GSoC 2022 - Qiling Binary Emulation Meet R2 Static Analysis

Hello. I’m chinggg, a participant of GSoC 2022 with Qiling. For the past few months, I’ve been working on bridging Qiling with Radare2 (also known as r2) to enhance binary emulation with static analysis.

Motivation

As a binary emulation framework, Qiling has done a nice job in emulation. But Qiling has limited ability to analyze binaries, users have to rely on other tools for useful information like function addresses then hardcode them, which is inconvenient.

My entire project aims to bridge Qiling with other static analysis software, thus providing users with binary information like symbols and high-level concepts like function, basic block and control flow graph. The robustness and usability of the project should also be improved to make everything tidy, which may involve some refactoring.
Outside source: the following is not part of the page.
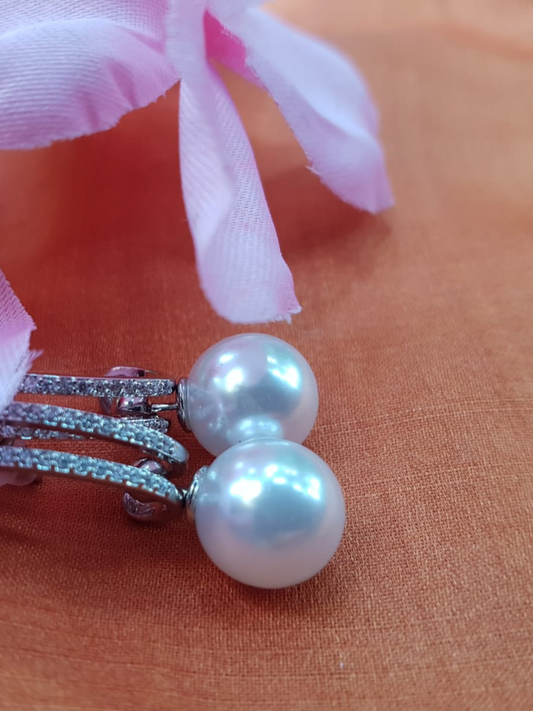 Sliding Pearl Drop Earrings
Showcase: De-obfuscation plugin against OLLVM control-flow flattening

When analyzing malware, it is common to see programs protected by code obfuscation. Obfuscator-LLVM may be the most widely used obfuscation tool for C/C++ programs, which implemented obfuscation like control flow flatenning.

We will not explain in details how OLLVM works because it is already very well explained in its wiki. To summarize, it flatten the original control flow using a big while-switch loop with many cases to hide real logic.

Qiling already has an IDA plugin that can recover OLLVM-protected program against control-flow flattening. With a click of mouse, users can identify real and fake blocks then patch the program. However, not everyone is willing to use IDA and sometimes Hex-Rays microcode APIs can be very confusing. So we implement a new de-flatten plugin that can be used in terminal using our new r2 extension.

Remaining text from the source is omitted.